* [WHAT IS NEEDED]: Every entry must appear in the answer exactly as written.

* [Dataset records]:
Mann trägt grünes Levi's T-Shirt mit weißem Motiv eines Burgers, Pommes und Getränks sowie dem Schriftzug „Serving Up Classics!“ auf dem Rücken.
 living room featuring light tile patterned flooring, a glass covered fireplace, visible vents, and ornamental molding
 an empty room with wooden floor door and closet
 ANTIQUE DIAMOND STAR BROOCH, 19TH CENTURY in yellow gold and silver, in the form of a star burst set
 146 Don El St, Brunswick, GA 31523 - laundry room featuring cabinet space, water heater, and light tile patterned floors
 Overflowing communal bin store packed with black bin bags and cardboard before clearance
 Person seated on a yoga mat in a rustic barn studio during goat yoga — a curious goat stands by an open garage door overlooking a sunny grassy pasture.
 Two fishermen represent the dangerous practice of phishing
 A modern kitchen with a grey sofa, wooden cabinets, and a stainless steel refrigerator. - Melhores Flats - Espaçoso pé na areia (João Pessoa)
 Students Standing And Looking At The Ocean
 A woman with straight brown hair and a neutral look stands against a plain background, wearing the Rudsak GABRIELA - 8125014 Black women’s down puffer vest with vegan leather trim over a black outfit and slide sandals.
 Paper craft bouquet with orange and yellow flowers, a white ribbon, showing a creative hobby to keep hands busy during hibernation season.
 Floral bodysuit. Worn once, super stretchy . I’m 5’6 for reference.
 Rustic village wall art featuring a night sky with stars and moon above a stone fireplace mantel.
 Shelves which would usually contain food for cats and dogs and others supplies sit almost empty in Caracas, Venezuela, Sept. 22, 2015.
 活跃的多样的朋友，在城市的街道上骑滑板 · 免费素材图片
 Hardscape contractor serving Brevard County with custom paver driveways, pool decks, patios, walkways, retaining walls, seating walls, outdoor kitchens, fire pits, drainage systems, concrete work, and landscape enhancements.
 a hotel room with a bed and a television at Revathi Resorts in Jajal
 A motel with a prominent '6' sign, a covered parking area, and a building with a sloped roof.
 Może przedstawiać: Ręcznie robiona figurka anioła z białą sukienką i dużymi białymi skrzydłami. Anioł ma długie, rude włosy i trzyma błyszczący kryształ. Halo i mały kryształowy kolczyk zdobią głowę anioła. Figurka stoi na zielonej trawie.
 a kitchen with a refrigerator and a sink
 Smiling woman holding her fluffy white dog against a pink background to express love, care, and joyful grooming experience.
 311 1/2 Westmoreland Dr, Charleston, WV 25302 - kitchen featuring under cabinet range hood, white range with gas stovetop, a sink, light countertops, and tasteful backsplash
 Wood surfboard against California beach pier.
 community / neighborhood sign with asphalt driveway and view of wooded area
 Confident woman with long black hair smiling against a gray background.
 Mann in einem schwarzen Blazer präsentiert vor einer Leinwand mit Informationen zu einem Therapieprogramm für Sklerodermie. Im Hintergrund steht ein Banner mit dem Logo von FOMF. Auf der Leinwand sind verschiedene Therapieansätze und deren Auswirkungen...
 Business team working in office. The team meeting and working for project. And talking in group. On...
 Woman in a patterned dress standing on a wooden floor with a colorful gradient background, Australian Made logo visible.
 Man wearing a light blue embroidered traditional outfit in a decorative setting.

* [RESPONSE FOR THIS EXERCISE]:
Mann trägt grünes Levi's T-Shirt mit weißem Motiv eines Burgers, Pommes und Getränks sowie dem Schriftzug „Serving Up Classics!“ auf dem Rücken.
 living room featuring light tile patterned flooring, a glass covered fireplace, visible vents, and ornamental molding
 an empty room with wooden floor door and closet
 ANTIQUE DIAMOND STAR BROOCH, 19TH CENTURY in yellow gold and silver, in the form of a star burst set
 146 Don El St, Brunswick, GA 31523 - laundry room featuring cabinet space, water heater, and light tile patterned floors
 Overflowing communal bin store packed with black bin bags and cardboard before clearance
 Person seated on a yoga mat in a rustic barn studio during goat yoga — a curious goat stands by an open garage door overlooking a sunny grassy pasture.
 Two fishermen represent the dangerous practice of phishing
 A modern kitchen with a grey sofa, wooden cabinets, and a stainless steel refrigerator. - Melhores Flats - Espaçoso pé na areia (João Pessoa)
 Students Standing And Looking At The Ocean
 A woman with straight brown hair and a neutral look stands against a plain background, wearing the Rudsak GABRIELA - 8125014 Black women’s down puffer vest with vegan leather trim over a black outfit and slide sandals.
 Paper craft bouquet with orange and yellow flowers, a white ribbon, showing a creative hobby to keep hands busy during hibernation season.
 Floral bodysuit. Worn once, super stretchy . I’m 5’6 for reference.
 Rustic village wall art featuring a night sky with stars and moon above a stone fireplace mantel.
 Shelves which would usually contain food for cats and dogs and others supplies sit almost empty in Caracas, Venezuela, Sept. 22, 2015.
 活跃的多样的朋友，在城市的街道上骑滑板 · 免费素材图片
 Hardscape contractor serving Brevard County with custom paver driveways, pool decks, patios, walkways, retaining walls, seating walls, outdoor kitchens, fire pits, drainage systems, concrete work, and landscape enhancements.
 a hotel room with a bed and a television at Revathi Resorts in Jajal
 A motel with a prominent '6' sign, a covered parking area, and a building with a sloped roof.
 Może przedstawiać: Ręcznie robiona figurka anioła z białą sukienką i dużymi białymi skrzydłami. Anioł ma długie, rude włosy i trzyma błyszczący kryształ. Halo i mały kryształowy kolczyk zdobią głowę anioła. Figurka stoi na zielonej trawie.
 a kitchen with a refrigerator and a sink
 Smiling woman holding her fluffy white dog against a pink background to express love, care, and joyful grooming experience.
 311 1/2 Westmoreland Dr, Charleston, WV 25302 - kitchen featuring under cabinet range hood, white range with gas stovetop, a sink, light countertops, and tasteful backsplash
 Wood surfboard against California beach pier.
 community / neighborhood sign with asphalt driveway and view of wooded area
 Confident woman with long black hair smiling against a gray background.
 Mann in einem schwarzen Blazer präsentiert vor einer Leinwand mit Informationen zu einem Therapieprogramm für Sklerodermie. Im Hintergrund steht ein Banner mit dem Logo von FOMF. Auf der Leinwand sind verschiedene Therapieansätze und deren Auswirkungen...
 Business team working in office. The team meeting and working for project. And talking in group. On...
 Woman in a patterned dress standing on a wooden floor with a colorful gradient background, Australian Made logo visible.
 Man wearing a light blue embroidered traditional outfit in a decorative setting.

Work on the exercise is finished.